Nesses tempos em que a indústria do cinema intensifica
sua cruzada contra a pirataria virtual, Jack Sparrow, um anti-herói
da pilhagem marítima, se estabelece com força avassaladora: US$
55 milhões em um único dia, US$ 135 milhões no primeiro fim de
semana, US$ 274 milhões até quarta, 19 de julho – véspera de completar
sua segunda semana em cartaz (ao contrário do Brasil, o mercado
de cinema nos Estados Unidos não pensa em termos de público, só
em renda – mas, a partir do preço médio do ingresso estimado no
país, podemos calcular que Piratas do Caribe 2 já foi visto
por cerca de 40 milhões de pessoas nos EUA).
Se a força do marketing não pode ser ignorada,
ela não explica, sozinha, a multidão que correu para ver o filme
nos Estados Unidos. Impossível não pensar na familiaridade da
palavra “pirata” junto às crianças e adolescentes, que formam
a massa do público do cinema americano hoje, e para quem a expressão
download (ou “baixar na internet”) já é quase tão natural
quanto o prato de sucrilhos na mesa do café da manhã. Difícil
não imaginar, ainda, que essa familiaridade tenha se exacerbado
ainda mais com a campanha anti-pirataria que tomou conta dos cinemas,
e que tinha como alvo, justamente, crianças e adolescentes, “piratas”
aprendizes ou em atividade no mar da rede mundial de computadores.
Muito mais do que Superman – O retorno,
Homem-aranha ou Batman Begins, Piratas do Caribe
2 é o blockbuster por excelência, uma cartada genial
do produtor bom-de-faro Jerry Bruckheimer, sujeito corajoso o
suficiente para ressuscitar, com apelo contemporâneo, um gênero
considerado antiquado, há muito enterrado no baú dos tesouros
hollywoodianos. Foi em 2003 que Bruckheimer teve a sui generis
idéia de voltar ao “filme de pirata” adaptando para o cinema aquilo
que, antes, não era sequer uma narrativa, e sim um parque temático
da Disney onde crianças brincam de pirata em navios de mentira.
O primeiro Piratas do Caribe colou, estabeleceu-se
uma nova “franquia” e, assim, Bruckheimer se lançou na aventura
de realizar, simultaneamente, duas continuações, cujas datas de
estréia foram marcadas pela Disney antes mesmo de começarem a
ser filmadas, na corrida dos estúdios para garantir a maior fatia
possível da temporada de férias. Notícias de furacões na locação,
roteiros modificados diariamente, atores adoentados e equipe à
beira de um ataque de nervos corriam pela Internet enquanto as
datas de estréia continuavam lá, intactas.
O
que se vê na tela é o resultado disso: um filme que guarda a incrível
capacidade maquinal de criar imagens na fronteira da animação
e do virtual, mas que possui uma estrutura absolutamente confusa,
tanto pela pressa de se completar a tempo, como pela necessidade
“blockbusteriana” de agradar a todos. Aventura? Tem. Comédia?

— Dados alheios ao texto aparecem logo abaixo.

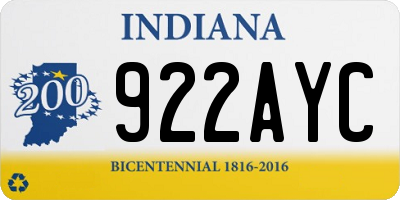 IN license plate 922AYC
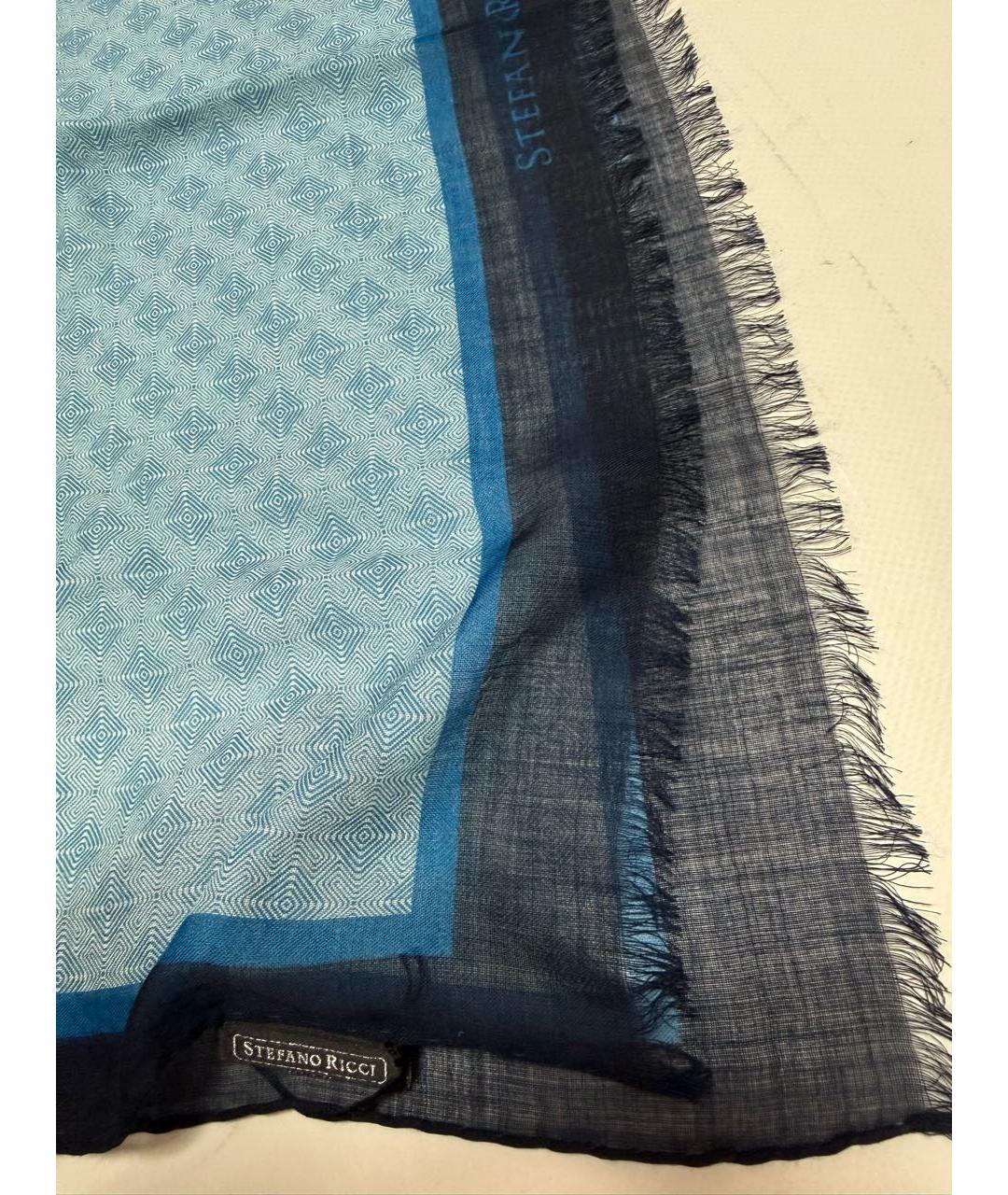 STEFANO RICCI Голубой кашемировый шарф, фото 5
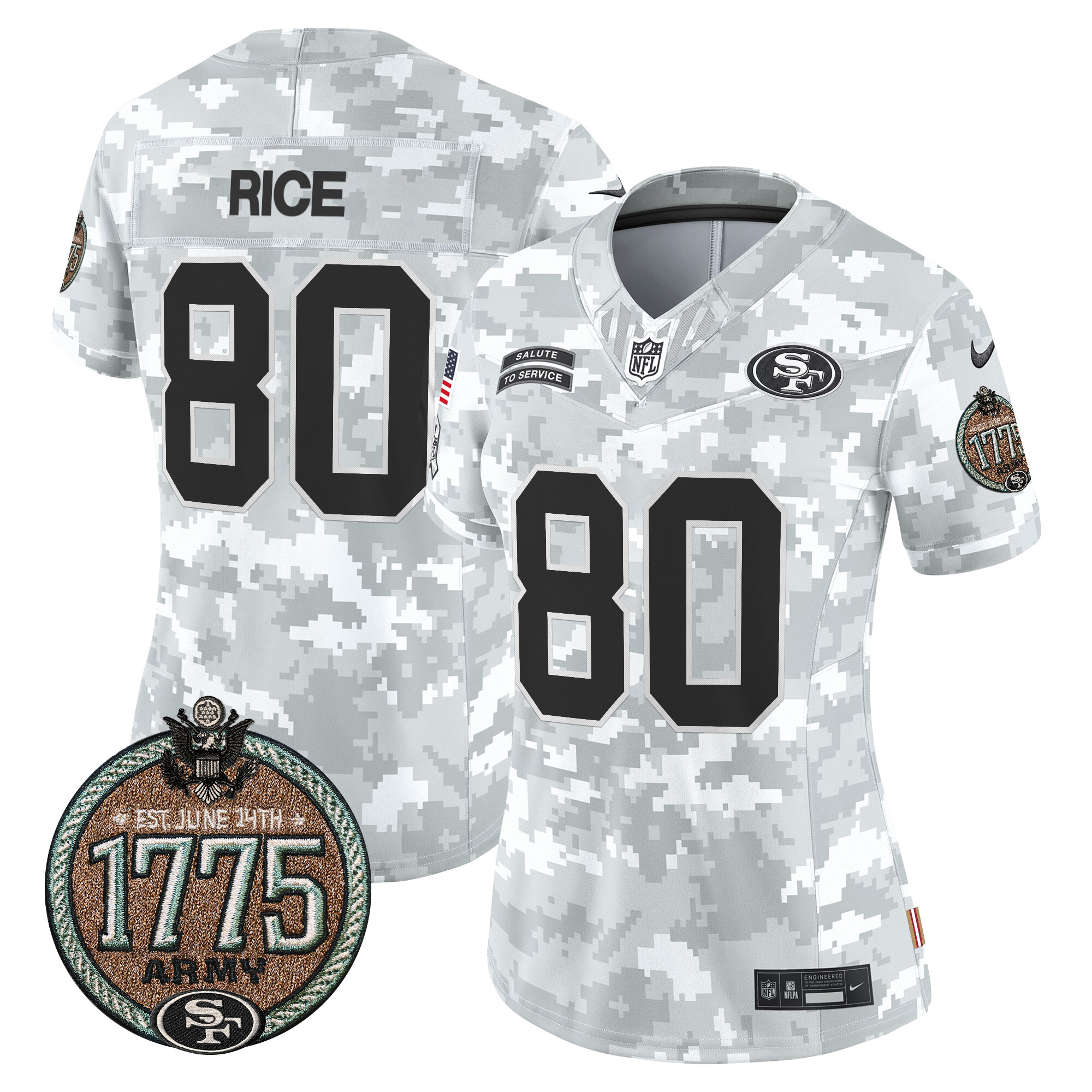 Jerry Rice Women's San Francisco 49ers 2024 Salute to Service Establishment Year Patch Vapor Limited Army Jersey - All Stitched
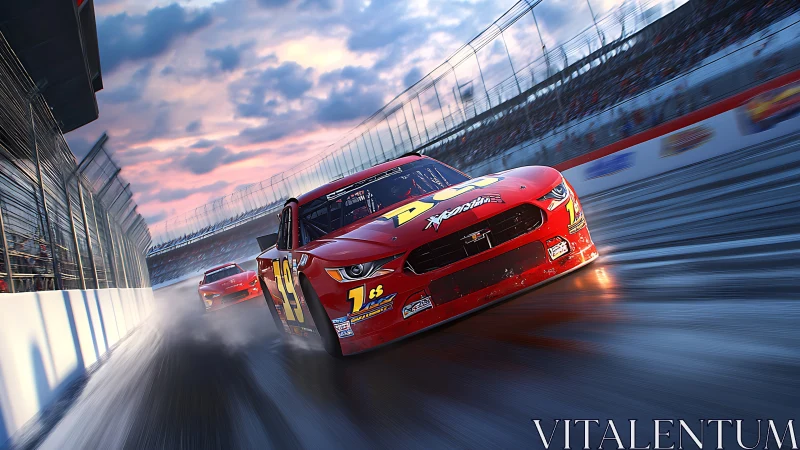 Red stock car advances on wet oval track under stadium lights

Tem. Romance? Tem. Sobrenatural? Tem. Morto-vivo? Tem. Até vodu
tem. O que, diabos, Piratas do Caribe 2 não tem? Antes
de tudo, Johnny Depp. Se o pirata Jack Sparrow é uma criação genial
do ator (figura irônica, divertida e bêbada, de etérea inspiração
no rolling stone Keith Richards), e sua entrada em cena
nesse novo filme é genial, sua presença é quase desperdiçada pelo
tempo curto que o ator passa na tela – principalmente se comparado
ao de Orlando Bloom e Keira Knightley vivendo sua tediosa historinha
de amor.
Mas falta, sobretudo, a capacidade de transformar essa imensa
máquina de cuspir universos imaginários em filme. Gore Verbinski
orquestra um leque de departamentos técnicos e artísticos (fotografia,
direção de arte, figurinos, som, efeitos especiais) e gêneros
narrativos (aventura, comédia, romance) sem conseguir impor uma
unidade. E assim Piratas do Caribe 2 vai vivendo aos trancos
e barrancos, na dependência de assombros esporádicos, risadas
esparsas e quase nenhum momento de encantamento romântico em meio
a um enorme caos de 2h30 de duração.
Ainda
assim, as forças esporádicas do filme, quando se fazem ver, não
podem ser negadas. É um deleite ver Johnny Depp em ação com sua
brechtiana criação de Jack Sparrow, e é assombroso ver
o manancial de criaturas marítimas que emerge no navio-fantasma
capitaneado por Davi Jones (o homem com cara de polvo e barbas
de tentáculos, quase uma versão orgânica do Doc Octopus de Homem-aranha
2), com seu exército de homens-cracas, moluscos e crustáceos.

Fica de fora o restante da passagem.